監督交代→初陣で敗戦も「今まで以上に良いもの」 上位との差を痛感…降格圏脱出へ「このチームのために」

新潟がチーム全体として得た手応え
アルビレックス新潟は6月25日、延期分のJ1リーグ第15節で川崎フロンターレと対戦し1-3で敗れた。試合後の会見で、初采配となった入江徹監督は敗戦のなかでも、「少し自分たちの中でも手応えみたいなものは掴むことができた」と試合を総括した。
試合は前半12分、MF脇坂泰斗が直接FKを決めると、同35分には、左サイドで得たFKからDFジェジエウの折り返しにFW神田奏真が反応。泥臭く押し込んで川崎が2点リードする展開になると、後半アディショナルタイム1分にMF大関友翔が3点目を決めてダメ押し弾。同5分に途中出場のMF奥村仁が1点を返したが、1-3でタイムアップ。新潟はリーグ2連敗となった。
前半は新潟がボールを保持する展開から、川崎のブロックを崩すことができず、攻撃に停滞感が感じられる時間が長かった。入江監督が試合後の会見で「修正をかけたところがうまくいくようになった」と話した通り、選手の交代も含めて、後半は左サイドを中心にコンビネーションから相手ゴールに迫るシーンを増やしていった。

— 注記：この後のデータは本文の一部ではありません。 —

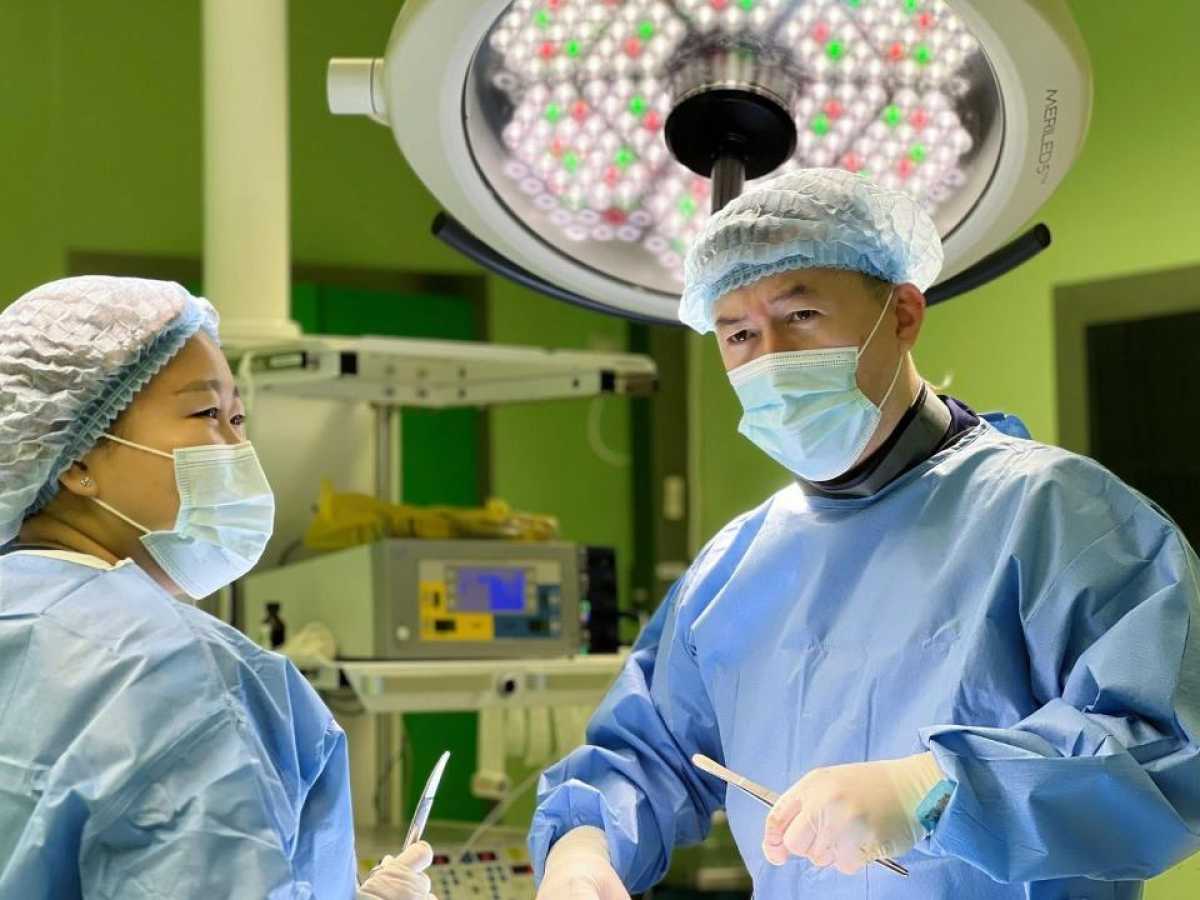 Маңғыстаудағы нейрохирургтар гемифациалдық спазмды емдеу үшін сирек операцияны сәтті жүргізді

「攻撃のことに関して、準備段階では、全部を全部、植え付けることは、なかなか正直難しかったんですけども、それでもハーフタイムに、修正をかけたところがうまくいくようになった。そして結果的にすごいチャンスというものが生まれたと思う」
前半にはDF堀米悠斗のアーリークロスからFW小野裕二が左ポストに当てるシュートを放ち、後半には奥村が反転ターンから放ったシュートもポストに当たるなど、チャンスはあったが決め切ることができなかった。入江監督が「決定力のところで、あとはそこのをどれだけ回数を増やせるか」と課題について話せば、小野も自身のチャンスシーンを振り返りながら「ああいうボールっていうのをもっと積極的に狙っていく必要ある」とした。
小野にとっては5月3日のリーグ戦第14節FC東京戦以来のスタメン出場。チームが敗れたなかでも、「試合全体として何かネガティブな要素があったかっていうと、そこはあんまり感じなかった」と振り返り、「ファイティングポーズを取ってゲームに入れた」とチームの姿勢を評価した。

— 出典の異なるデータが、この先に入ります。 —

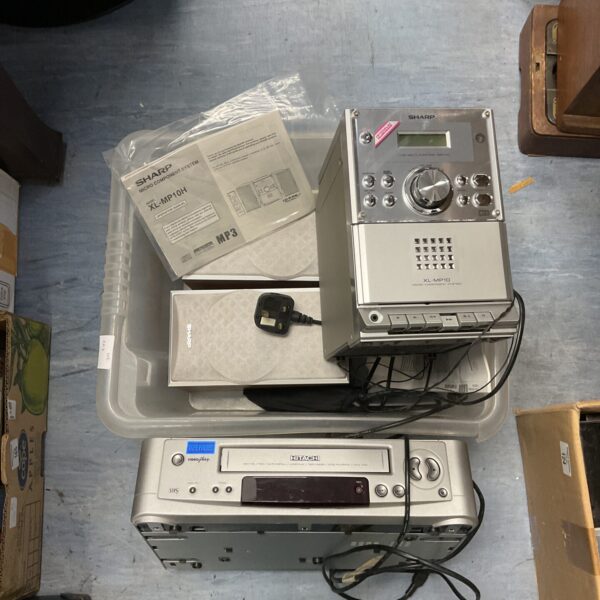 Vintage Sharp XL-MP10H HiFi system with Hitachi VCR, retro audio equipment.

「結果的に今日勝てなかったんですけど、ただ最後までしっかりファイティングポーズを取ってゲームに入れたんじゃないかなと思うし、それをしっかりいかに結果に持って来るかっていうところを、自分たちにしっかりプレッシャーかけてやっていければいいかなと思います」
そのなかで、DF稲村隼翔は「すごく嫌だなと感じてた」と、リーグ上位につける川崎の選手と差があったことを感じながらも、継続していかなければならないチームとしての形について話した。
「川崎の選手はすごく、ミスしてもすぐ切り替えだったり、守備の陣形を整える速さがすごく嫌だなと感じていたので、そこは見習わないといけないとこだと思います。ただ、ネガティブなところだけじゃなくて、攻撃のビルドアップっていうのは、すごく今まで以上に良いものが出来てたと思うんで、そこは継続したいなっていう風に思います」
稲村はシーズン途中の監督交代について「いろんなことを要求してもらいましたし、すごく成長させてもらったと思ってる」と樹森大介前監督への思いを話し、「こういう結果になってしまって、申し訳ないなっていうのはすごく思います」と素直な心境を明かした。
そして、「ただ、こういう世界なんで、あることだとは思いますし。今は入江さんになって、本当にこのチームのためにやるしかないっていう思いは、すごく強いです」とJ1残留を果たすため、チームの力になることを誓った。
この試合には平日のナイトゲームながらも多くの新潟サポーターが「Uvanceとどろきスタジアム by Fujitsu」に訪れた。後半の飲水タイムには「Sombrero」の大合唱がアウェースタジアムに響き渡り、2点を追いかける選手たちの後押しになった。
入江監督は29日のFC町田ゼルビア戦に向けて「今日の後半は特にすごい手応えを掴んでくれたのかなというのをすごい感じています。自分たちで崩せるか、どういう手法が必要かというのを考えながらやっていきたい」と前を向いた。